Up-regulated renal proximal adenosine a1 receptor is associated
with augmented pkc and glucose transport but inhibited
proliferation.
Coulson, Richard, Paula S. Proch, Ray A. Olsson, Charles E. Chalfant,
and Denise R. Cooper.
Department of Veterans Affairs, James A. Haley Veterans Hospital,
Tampa, Florida 33612; Departments of Internal Medicine and
Biochemistry, University of South Florida, Tampa, Florida 33620
APStracts 2:0134F, 1995.
Adenosine A1-receptor densities were increased in cultured LLC-PK1 or
OK cells by chronic treatment with the adenosine receptor
antagonists: 1,3,7-trimethylxanthine (caffeine; 1mM) or 1,3-dimethyl
-8-cyclopentylxanthine (cyclopentyltheophylline or CPT; = 0.4 mM),
respectively. The A1 receptor number per cell was increased 2-fold by
10-day 1 mM caffeine or 0.1 mM CPT treatments and the sodium-coupled
glucose uptake was augmented 2-fold by 1 mM caffeine and 7-fold by
0.1 M CPT (higher doses of CPT were progressively less stimulatory).
Glucose uptake was blocked by acute (2 h) treatment with CPT,
adenosine deaminase or calphostin C. Caffeine (1 mM) or CPT (>/=0.1
mM) inhibited cell proliferation for the first 10 days, then cell
growth assumed a normal proliferative rate despite continued presence
of antagonist. Both cytosolic protein kinase C (PKC) isoform
immunoactivity and PKC II mRNA were elevated at least 2-fold during
10 days of 0.1 mM CPT or 1 mM caffeine treatment. The sustained
elevation in Na-glucose symport and PKC activity observed with
adenosine receptor antagonists was similar to acute (2h) effects of
adenosine A1 agonist R-PIA (0.1-1 [mu]M). Moreover, cell
proliferation was increased by adenosine (0.1 [mu]M R-PIA) whereas
Na,K-ATPase activity was unaltered with either chronic antagonist or
acute adenosine treatments. Caffeine treatment may have some non
-adenosine A1 receptor-mediated actions since it slightly (30%)

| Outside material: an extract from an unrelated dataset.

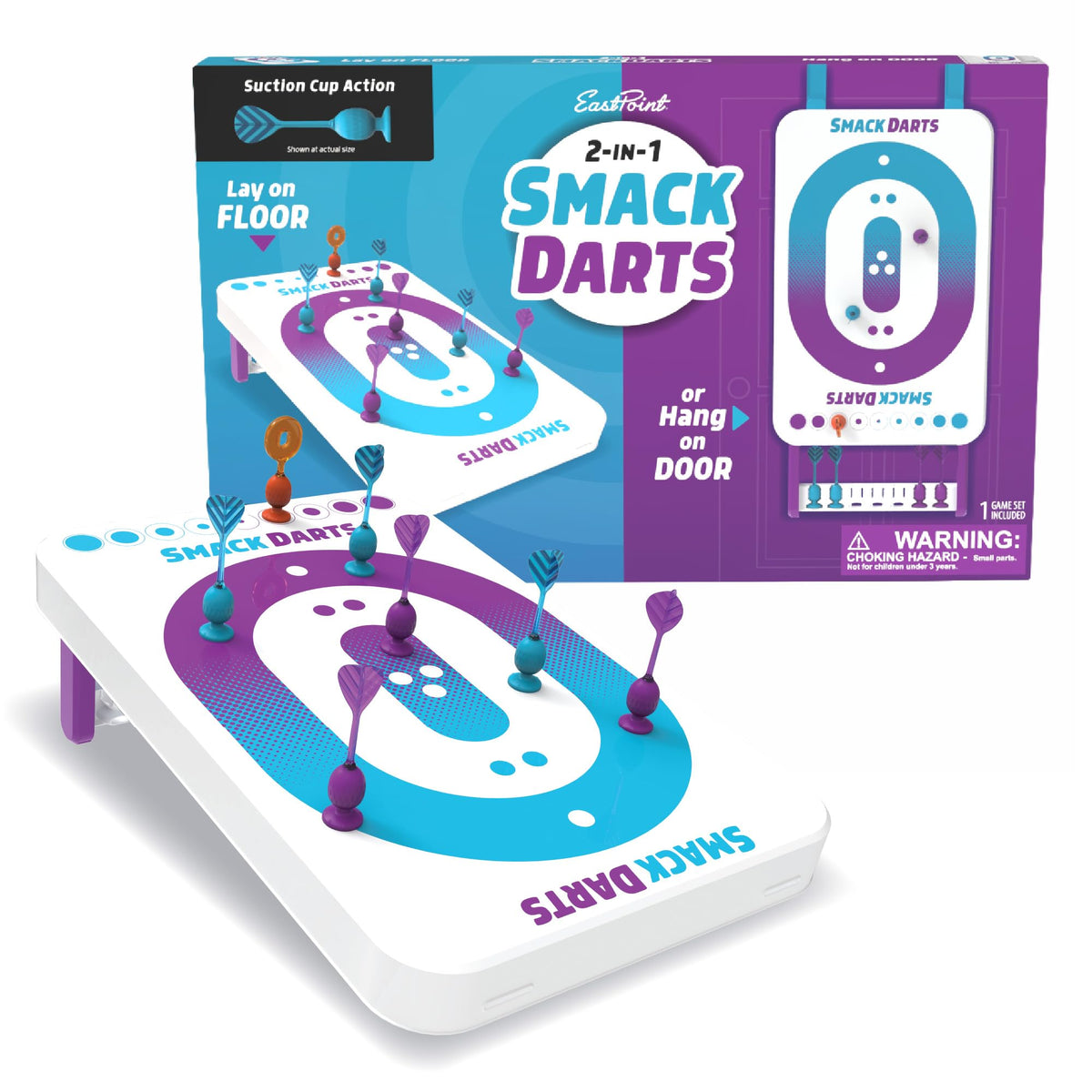 EastPoint front view dartboard showing colorful target face and immediate playability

augmented PKA activity. It is concluded that chronic exposure of
proximal tubule cells to caffeine or CPT augments PKC and sodium
-glucose transport but retards cell proliferation mainly via adenosine
A1 receptor-mediated mechanisms.
Received 24 January 1995; accepted in final form 31 July 1995.
APS Manuscript Number F23-5.
Article publication pending Am. J. Physiol. (Renal Fluid Electrolyte
Physiology).
ISSN 1080-4757 Copyright 1995 The American Physiological Society.
Published in APStracts on 14 August 1995.